Meanwhile, horses remained a viable industry for a few: trainers and jockeys in the racing industry and people who catered to the wealthy “horse people.” Even when AI can send a robot to your house to do all your chores, there will be wealthy people who want to be waited on by other humans. There will also be paranoid people who want nothing to do with AI. Plus, there will experts who are needed to come fix things that AI screws up. And let me tell you, AI will screw things up. At least at the stage it is at now.
It’s all About Cycles
Look at the planet itself. We’ve had ice ages, which were followed by global warming, and the cycle repeated. Cycles often do. Don’t worry about cycles, plan for them. Prep for them.
Someone is going to read this and say, “Yeah, but there have been years without a summer.” True, but usually for a reason, like a volcano that sent dust into the sky. That’s an anomaly, but you can plan for that, too.

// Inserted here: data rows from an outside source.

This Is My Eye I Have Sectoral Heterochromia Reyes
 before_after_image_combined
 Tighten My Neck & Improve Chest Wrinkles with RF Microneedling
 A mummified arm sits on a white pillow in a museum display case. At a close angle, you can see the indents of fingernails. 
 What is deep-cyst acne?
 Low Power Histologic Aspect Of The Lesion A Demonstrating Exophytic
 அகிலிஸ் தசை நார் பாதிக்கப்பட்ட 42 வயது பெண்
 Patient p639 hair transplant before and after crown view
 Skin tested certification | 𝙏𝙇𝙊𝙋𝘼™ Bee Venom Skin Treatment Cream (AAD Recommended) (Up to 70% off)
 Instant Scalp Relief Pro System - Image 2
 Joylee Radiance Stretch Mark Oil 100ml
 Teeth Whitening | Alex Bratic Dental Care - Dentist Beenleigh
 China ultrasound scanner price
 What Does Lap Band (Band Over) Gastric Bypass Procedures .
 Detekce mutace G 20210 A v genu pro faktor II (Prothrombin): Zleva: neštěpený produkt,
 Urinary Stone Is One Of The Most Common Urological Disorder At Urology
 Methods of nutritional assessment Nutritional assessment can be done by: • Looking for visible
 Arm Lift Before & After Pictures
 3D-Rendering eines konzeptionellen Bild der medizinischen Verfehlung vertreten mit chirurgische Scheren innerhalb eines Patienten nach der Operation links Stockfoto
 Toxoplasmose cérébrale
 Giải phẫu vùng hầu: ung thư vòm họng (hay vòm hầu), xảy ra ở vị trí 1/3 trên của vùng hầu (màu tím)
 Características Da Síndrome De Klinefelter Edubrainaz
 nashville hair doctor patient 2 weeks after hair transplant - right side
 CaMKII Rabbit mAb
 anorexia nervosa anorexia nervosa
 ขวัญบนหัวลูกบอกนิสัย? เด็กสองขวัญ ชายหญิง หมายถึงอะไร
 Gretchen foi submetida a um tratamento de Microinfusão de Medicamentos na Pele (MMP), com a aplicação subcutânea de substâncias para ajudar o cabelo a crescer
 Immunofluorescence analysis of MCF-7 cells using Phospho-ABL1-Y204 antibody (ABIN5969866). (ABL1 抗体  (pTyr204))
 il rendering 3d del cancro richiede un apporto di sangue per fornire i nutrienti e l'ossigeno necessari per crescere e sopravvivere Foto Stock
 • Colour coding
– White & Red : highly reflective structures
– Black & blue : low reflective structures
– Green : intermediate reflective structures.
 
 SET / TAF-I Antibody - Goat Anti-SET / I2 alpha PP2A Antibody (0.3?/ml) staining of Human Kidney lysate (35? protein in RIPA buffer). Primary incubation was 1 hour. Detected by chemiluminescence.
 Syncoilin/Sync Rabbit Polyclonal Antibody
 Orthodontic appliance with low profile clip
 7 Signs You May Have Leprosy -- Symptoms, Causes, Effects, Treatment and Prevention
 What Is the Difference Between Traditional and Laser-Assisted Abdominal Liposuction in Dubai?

When you get to be my age, you have lived through many cycles. If you are smart, you’ve learned something from that. If you’re slow to pick things up, well, maybe it’s time to stop living in the moment and look at the world around you. Notice trends, both short ones and long ones. A smart, attentive person who gets ahead of the trend can do well compared to those that don’t. John D. Rockefeller said, “I always tried to turn every disaster into an opportunity.” He meant a financial opportunity, although today politicians try to gain political opportunity by never letting a good crisis go to waste. I think I prefer Rockefeller’s approach.
Change can be disruptive, and not everyone reacts well to disruption. That’s another lesson that comes with age: change is inevitable. So while the pendulum swings back, it never retraces its steps in the same exact way. Change happens. Be flexible and adaptable rather than fearful and rigid. Those skills will serve you well as a prepper and in life.